Lloyds of London finally agrees to divest from coal

Insurance giant Lloyds of London has promised to end investment in coal, oil sands and fossil fuel exploration in the Arctic, following years a pressure from climate campaigners.

Lloyds of London's members have previously supported projects like the Adani thermal coal mine in Australia 

Lloyds of London's members have previously supported projects like the Adani thermal coal mine in Australia 

The commitment was made in the firm’s first comprehensive ESG strategy, published earlier this week. It will see Lloyds of London will end new investments in the most aggressive forms of fossil fuel extraction by 1 January 2022, and phase out existing investments through to the end of 2025.

For a company to be subject to phase-out, it will need to derive 30% of its revenues or more from coal-fired power plants, thermal coal mines, tar sands, oil sands or Arctic energy exploration.  

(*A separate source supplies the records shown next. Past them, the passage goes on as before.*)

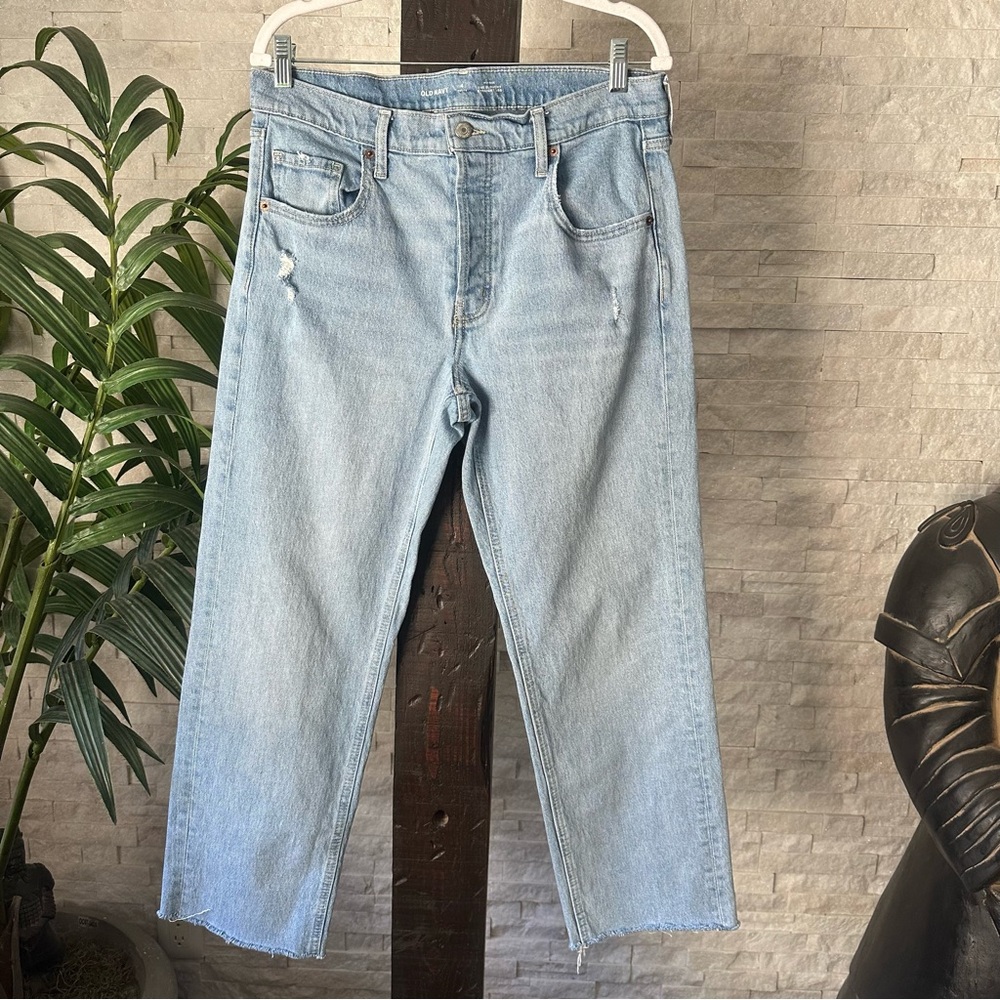 Old Navy Mid Rise Light Wash The Slouchy Straight Leg Button Fly Jeans Petite 4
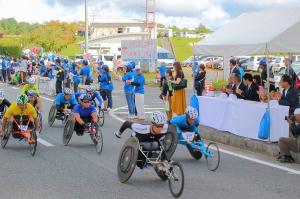 岡山吉備高原車いすふれあいロードレース〔10kmレーススタート〕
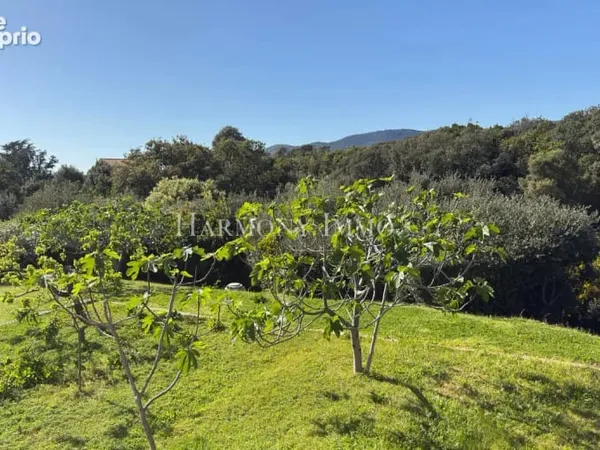 Villa de caractère avec vue mer au calme & terrain plat.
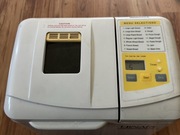 Automat do pieczenia chleba Hinari HB154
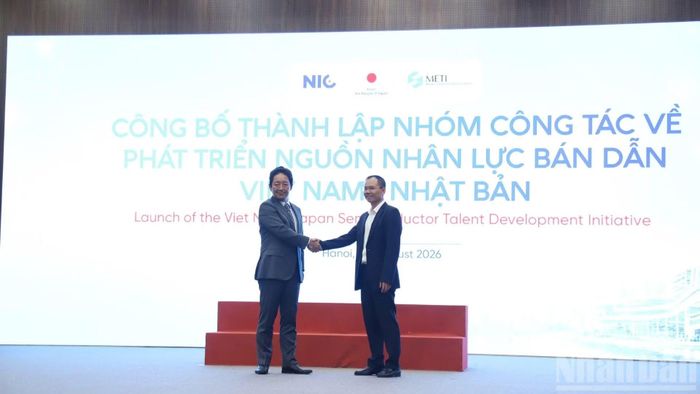 Phó Đại sứ Nhật Bản và Phó Giám đốc NIC tại lễ công bố thành lập nhóm công tác về phát triển nguồn nhân lực bán dẫn Việt Nam-Nhật Bản. (Ảnh: MINH ĐỨC)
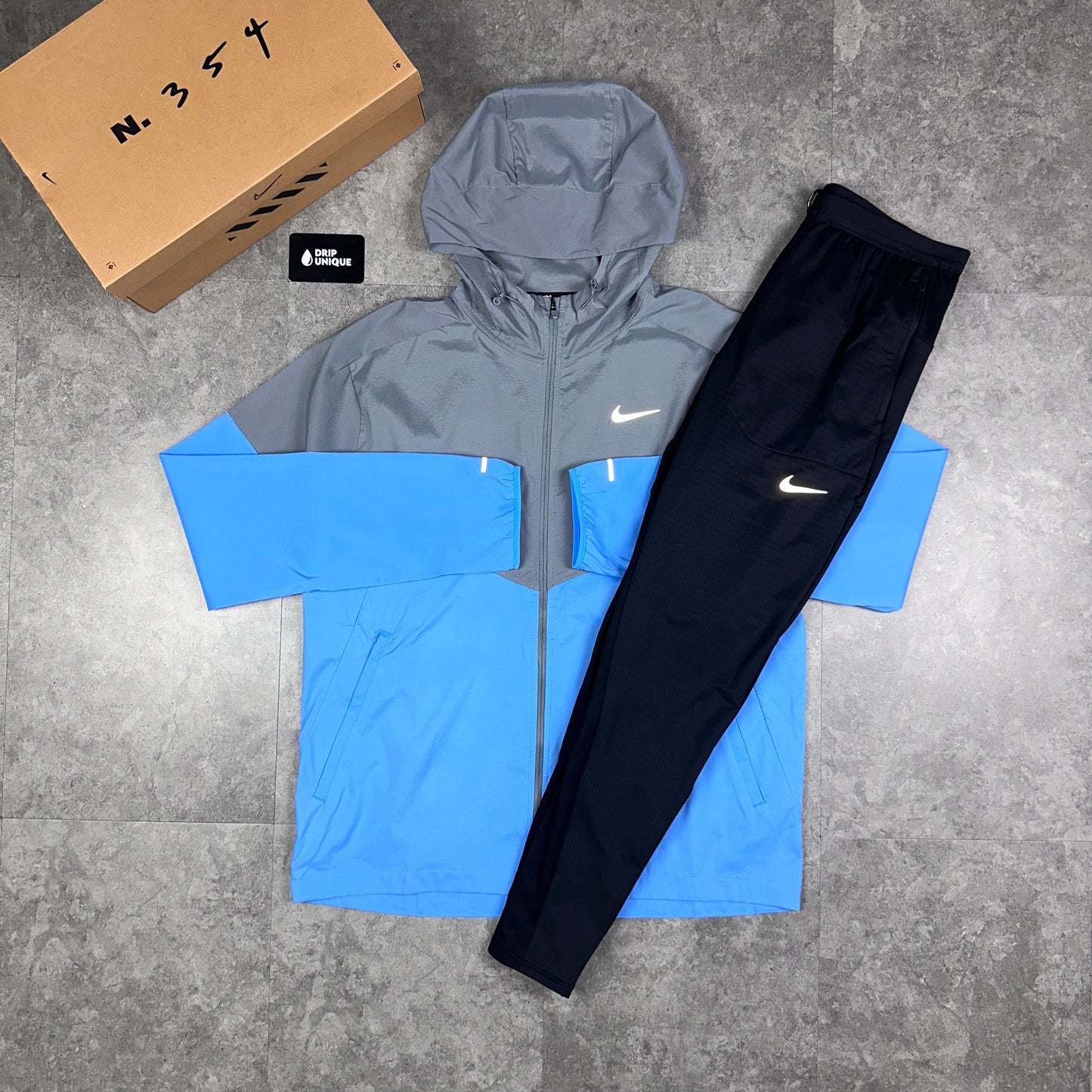 Nike UV Windrunner Jacket University Blue & Black Nike Phenom Pants Set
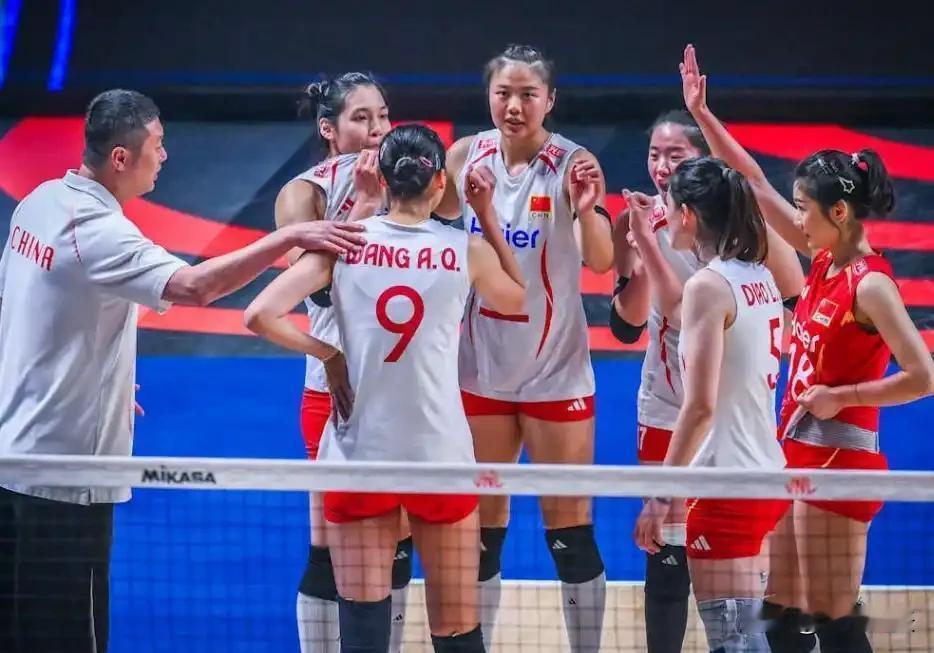 中国女排不可大意失荆州
中国女排3-0战胜伊朗女排，泰国女排3-1战胜日本女排，
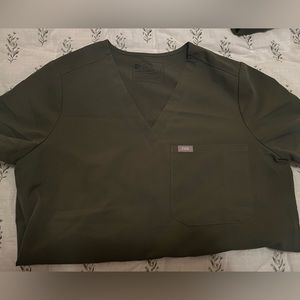 FIGS Catarina 1-pocket scrub top. Moss. Size M.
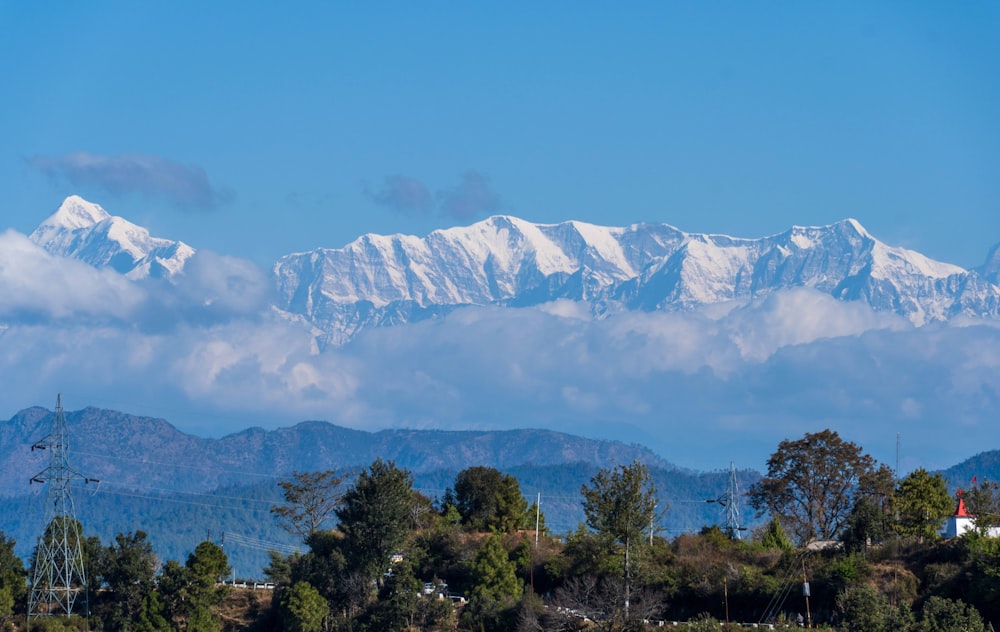 Una catena montuosa innevata in lontananza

Fossil fuel companies insured between now and 1 January 2022 will see their contracts come up for renewal by 2030, at which point they will likely be denied reinsurance. Some green groups like SumOfUs and Insure Our Future have argued that Lloyds of London should have simply agreed not to provide new contracts with immediate effect.

Lloyds of London has also set a target for members to derive at least 2% of their premium from sustainable products by 2022. Markets like electric vehicles fall into its description of a “sustainable product”.

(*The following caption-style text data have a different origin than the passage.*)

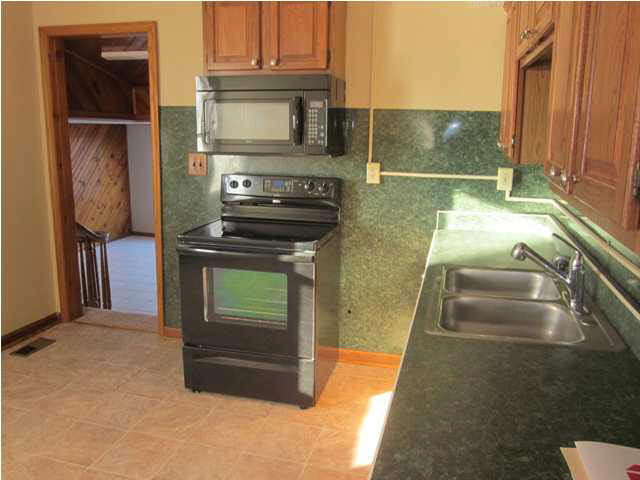 2328 E Riverside Dr, Evansville, IN 47714 photo 12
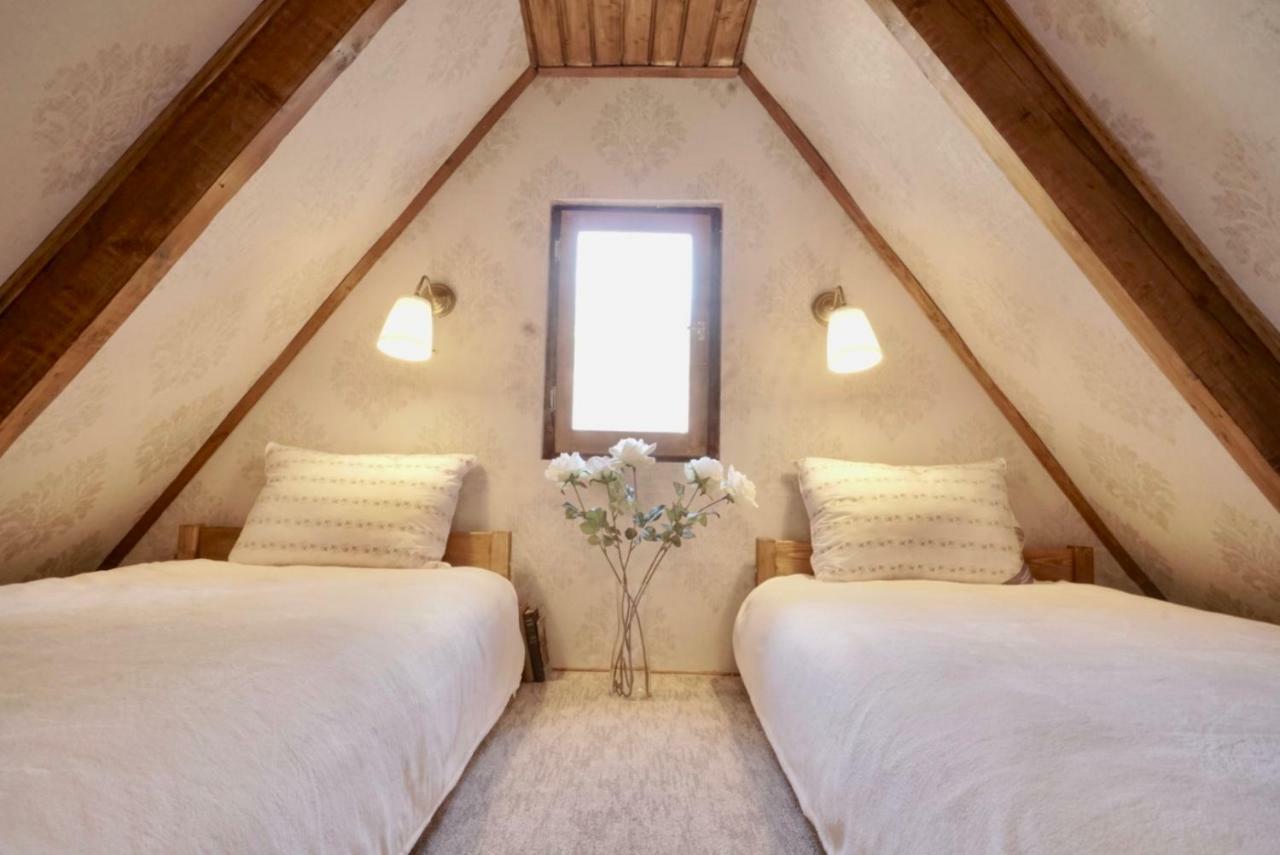 Nadi'S Holiday Home - Heart Of Woods, Szentendre Island Szigetmonostor エクステリア 写真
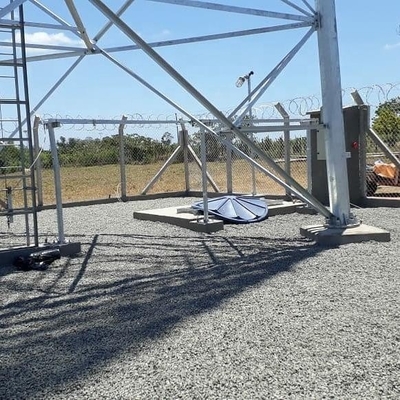 Stahlturm galvanisierte der mit Beinen versehenen Röhrenkommunikations-3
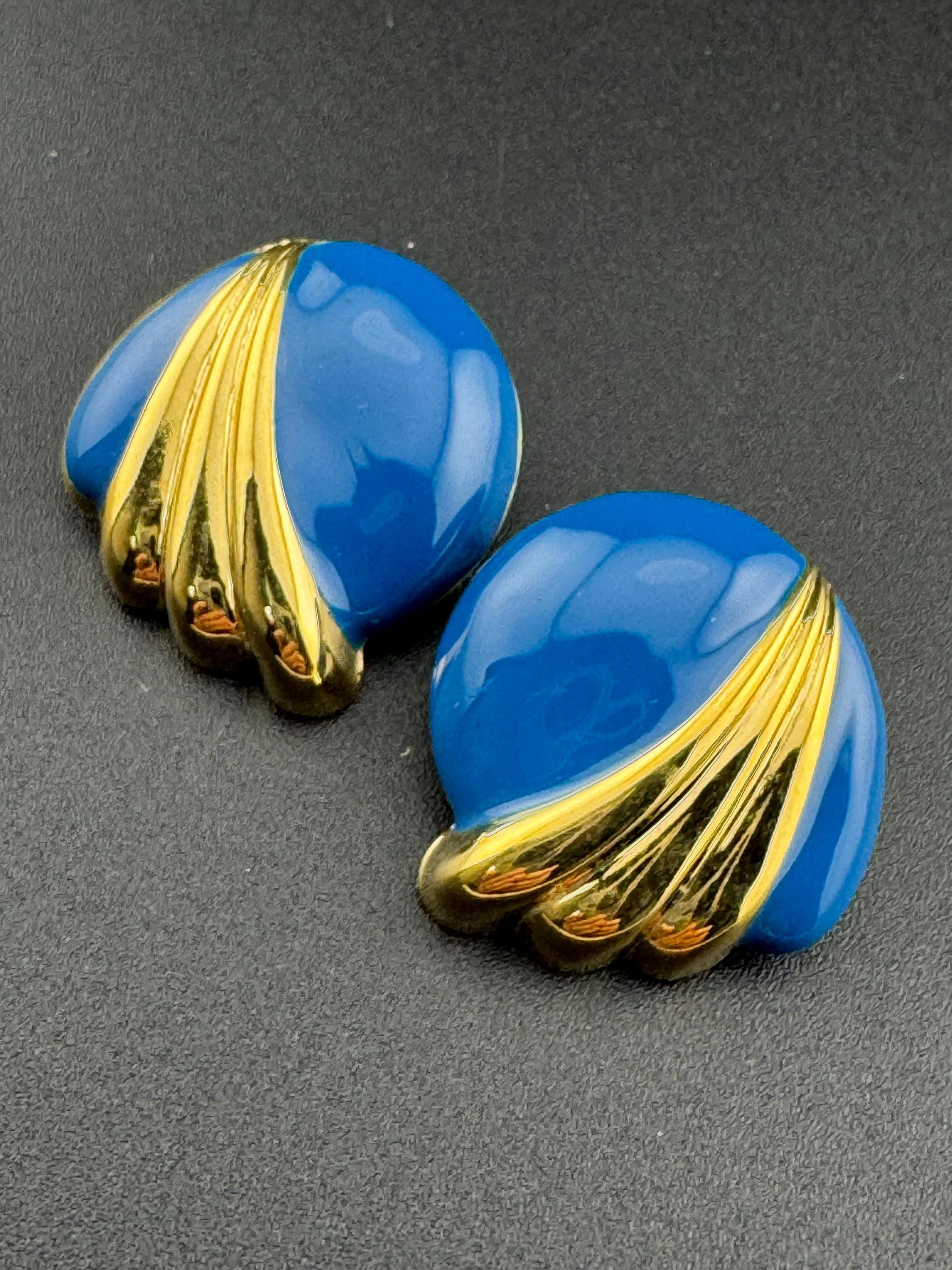 Vintage 80s bright blue enamel gold tone round button stud earrings for pierced ears unworn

Lloyds of London has faced criticism from green groups for several years, because its members have insured controversial projects like the Adani coal mine in Australia and the Trans Mountain oil pipeline in Canada, which were both opposed by indigenous people’s groups.

These decisions were taken at a time when many other large insurers in Europe were exiting coal and tar sands – or at least reducing investment, insurance and reinsurance. Businesses like BNP Paribas, AXA and Zurich have taken this move.

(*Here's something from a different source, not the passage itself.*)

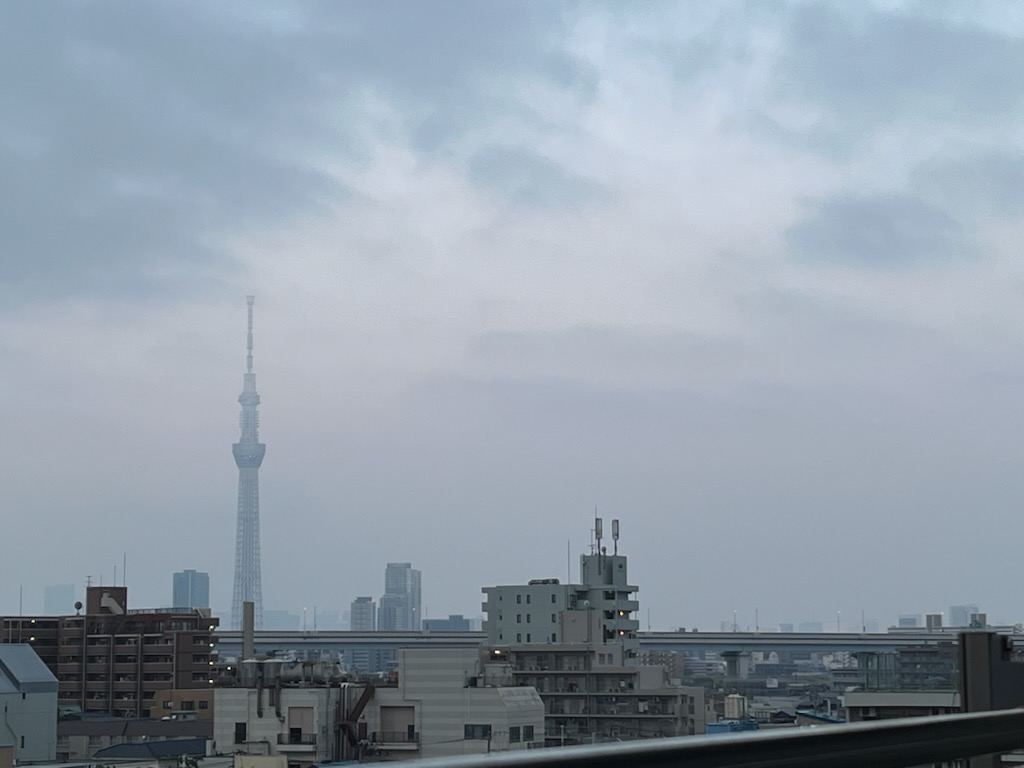 朝の空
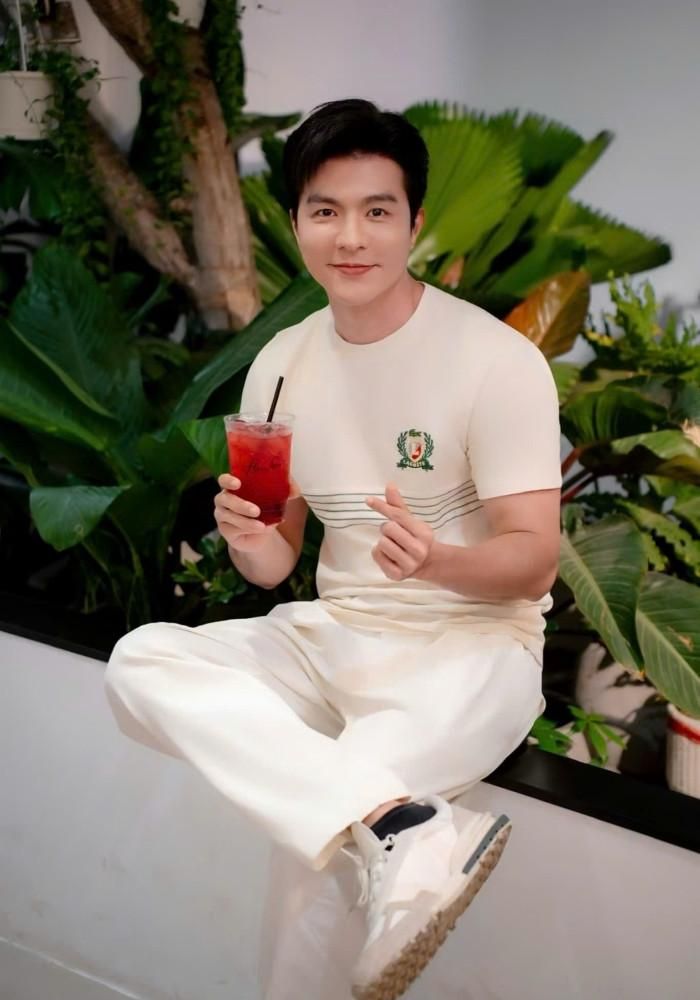 Diễn viên Steven Nguyễn thưởng thức món nước mới tại quán của mình.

A report from Unfriend Coal concluded that, even before the Covid-19 pandemic, the thermal coal sector was “becoming uninsurable” amid a backdrop of stronger green legislation and changing investor demands. According to the IEA, the world has seen the largest decline in coal consumption since World War Two as a result of coronavirus.

‘An important milestone’

Lloyds of London’s chairman Bruce Carnegie-Brown, who also heads its ESG committee, said the firm “has the opportunity to play its part in building back a braver, more resilient world” after Covid-19.

"We recognise that the targets we are setting will be challenging, but will also bring new opportunities,” he said. “We will work closely with our market and customers to help them plan for these changes as we implement a long-term managed programme towards sustainable, responsible underwriting."

The company is developing a new risk centre, to launch next year, to support the delivery of the new strategy. Staff within the centre will be tasked with assessing climate and other environmental risks and with developing new sustainable financial products.

The new ESG strategy also outlines measures for Lloyd’s of London to reach net-zero operational emissions by 2025.